Mayor of Tallinn Mihhail Kõlvart (Center) said Tallinn is the largest center of music culture in Estonia, where song and dance festivals, as well as major international festivals and concerts, take place.
"Our history and traditions, even the song festival and the Song Festival Grounds alone are enough motivation to run for the City of Music," Kõlvart noted. "But in addition, our creative and learning environments and concert venues promote diverse music activities, such as making music, participation in music culture and creating music. Music is important for Tallinn, in cultural, educational, social and economic terms. Therefore, as the capital of the singing nation, we want to introduce the music culture of our city and people even more to the world and thereby contribute to the revival of Tallinn's cultural life and music sector."
The mayor also referred to a recent satisfaction survey of the people of Tallinn, which revealed that Tallinn is a city with a creative atmosphere.
"According to the survey, city dwellers also wanted more music events - concerts and festivals - in their cultural life. I believe that as a city of music, we can offer all this not only to the people of Tallinn, but also to all Estonian people and guests," said Kõlvart.
Tõnu Kaljuste, the artistic director of the Tallinn Philharmonic, said the city's candidacy for the UNESCO City of Music is a very pleasant initiative because any international cooperation and attention means respect and appreciation for musicians.
"It's a recognition that music born in our city speaks to an international audience, and our diverse and historically rich music story is worth telling.
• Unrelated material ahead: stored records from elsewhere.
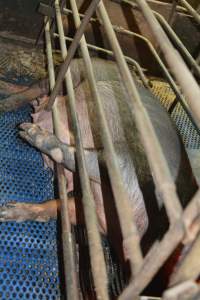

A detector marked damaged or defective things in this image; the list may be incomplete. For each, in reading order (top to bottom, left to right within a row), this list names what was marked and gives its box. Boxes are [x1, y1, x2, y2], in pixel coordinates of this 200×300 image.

rusty metal bar [45, 17, 79, 298]
rusty metal bar [46, 0, 101, 110]
rusty metal bar [54, 1, 108, 298]
rusty metal bar [53, 34, 150, 88]
rusty metal bar [68, 0, 143, 274]
rusty metal bar [96, 1, 183, 223]
rusty metal bar [131, 0, 200, 128]
rusty metal bar [179, 0, 200, 24]
rusty metal bar [119, 189, 200, 298]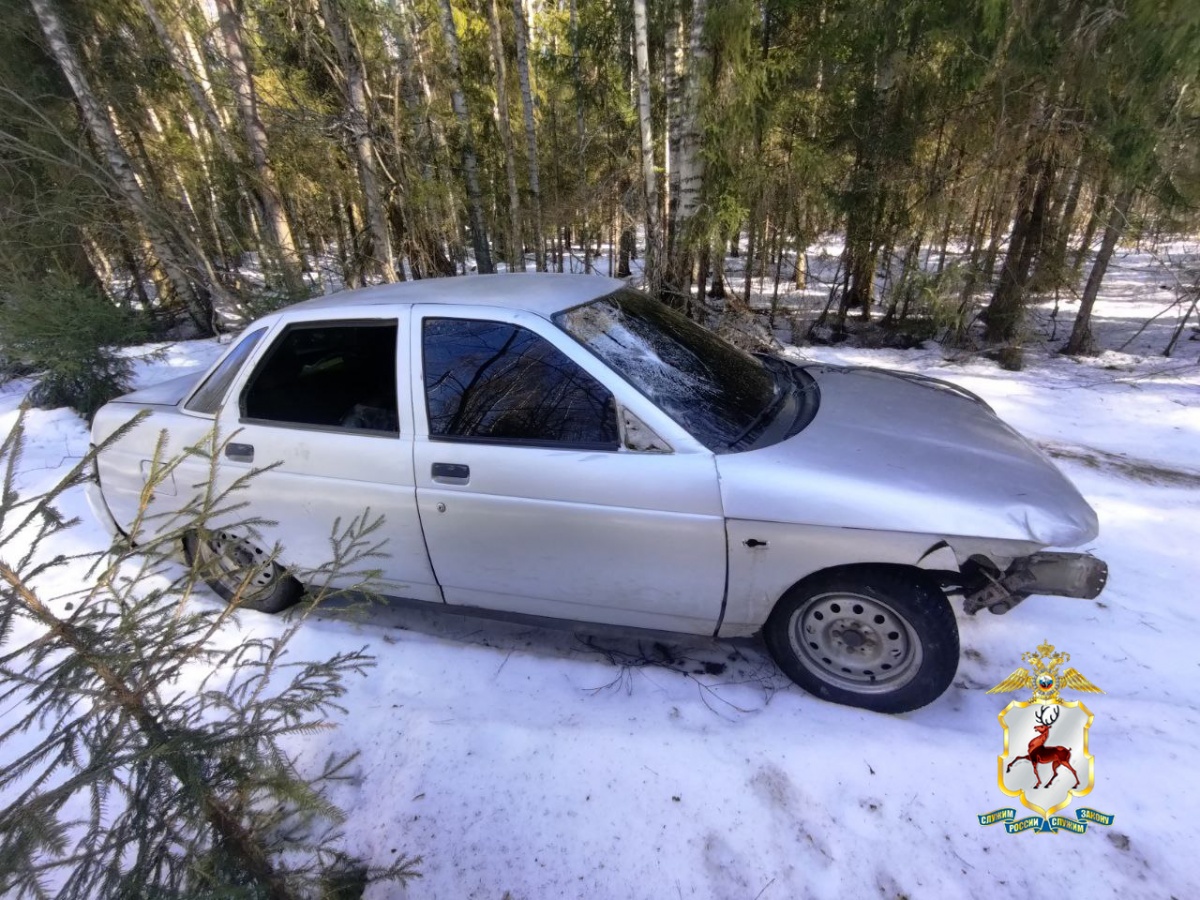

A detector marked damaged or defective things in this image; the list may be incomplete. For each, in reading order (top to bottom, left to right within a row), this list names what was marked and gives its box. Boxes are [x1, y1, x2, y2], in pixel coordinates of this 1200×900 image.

crumpled hood [110, 370, 204, 406]
crumpled hood [716, 366, 1104, 548]
damaged rear bumper [960, 552, 1112, 616]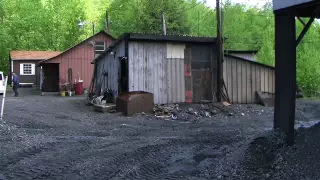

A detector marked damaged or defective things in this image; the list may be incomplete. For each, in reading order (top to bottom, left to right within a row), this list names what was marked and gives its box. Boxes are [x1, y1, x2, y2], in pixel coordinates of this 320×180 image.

rusty metal equipment [116, 92, 154, 116]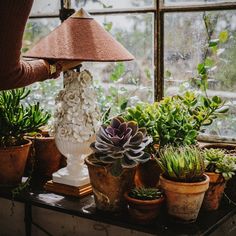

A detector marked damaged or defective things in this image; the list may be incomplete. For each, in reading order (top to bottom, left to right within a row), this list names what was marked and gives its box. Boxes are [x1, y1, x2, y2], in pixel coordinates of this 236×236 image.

rusty lamp shade [24, 8, 135, 61]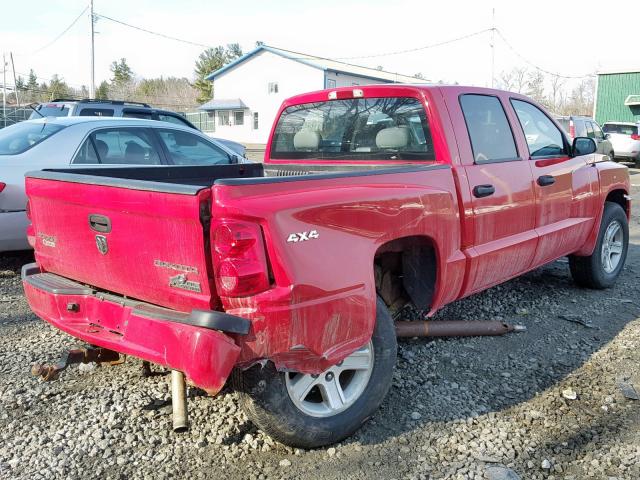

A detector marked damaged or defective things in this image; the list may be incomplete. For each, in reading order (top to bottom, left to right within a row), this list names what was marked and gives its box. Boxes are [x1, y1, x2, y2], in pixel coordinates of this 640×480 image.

damaged quarter panel [211, 167, 464, 374]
Any title is an advance, but a pleasant advance. This would help the friendship between the city and music to become an eternal marriage," said Kaljuste. "Most of the great things in this city have been born with music. There are few cities in the world where music would have played such a big role in revolutionary times. And where else can you see the "Song River" as 50,000 people move towards the Song Festival Grounds during the Song Festival and where the banks of this river are made of tens of thousands of music lovers."
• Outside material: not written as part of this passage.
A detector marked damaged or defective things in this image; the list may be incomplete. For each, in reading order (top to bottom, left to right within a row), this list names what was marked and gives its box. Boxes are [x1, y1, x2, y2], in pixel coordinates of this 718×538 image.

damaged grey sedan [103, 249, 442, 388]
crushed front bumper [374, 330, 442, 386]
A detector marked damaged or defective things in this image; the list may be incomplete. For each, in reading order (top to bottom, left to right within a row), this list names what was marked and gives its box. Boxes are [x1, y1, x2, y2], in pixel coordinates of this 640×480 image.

Mapping of the Tallinn music sector conducted by the Estonian Institute of Economic Research found it makes up 75-80 percent of the entire Estonian music sector.
Applying for the UNESCO Creative Cities Network takes place every two years, most recently in 2017 and 2019. If the schedule is not changed due to the coronavirus, it will become clear in late autumn this year whether Tallinn has turned out to be a city of music or not.
The UNESCO Creative Cities Network was launched in 2004 with the aim of highlighting the role of culture and creativity in the sustainable development of cities. Two Estonian cities already belong to the UNESCO Creative Cities Network: Tartu, as a City of Literature, and, Viljandi as a City of Crafts and Folk Art.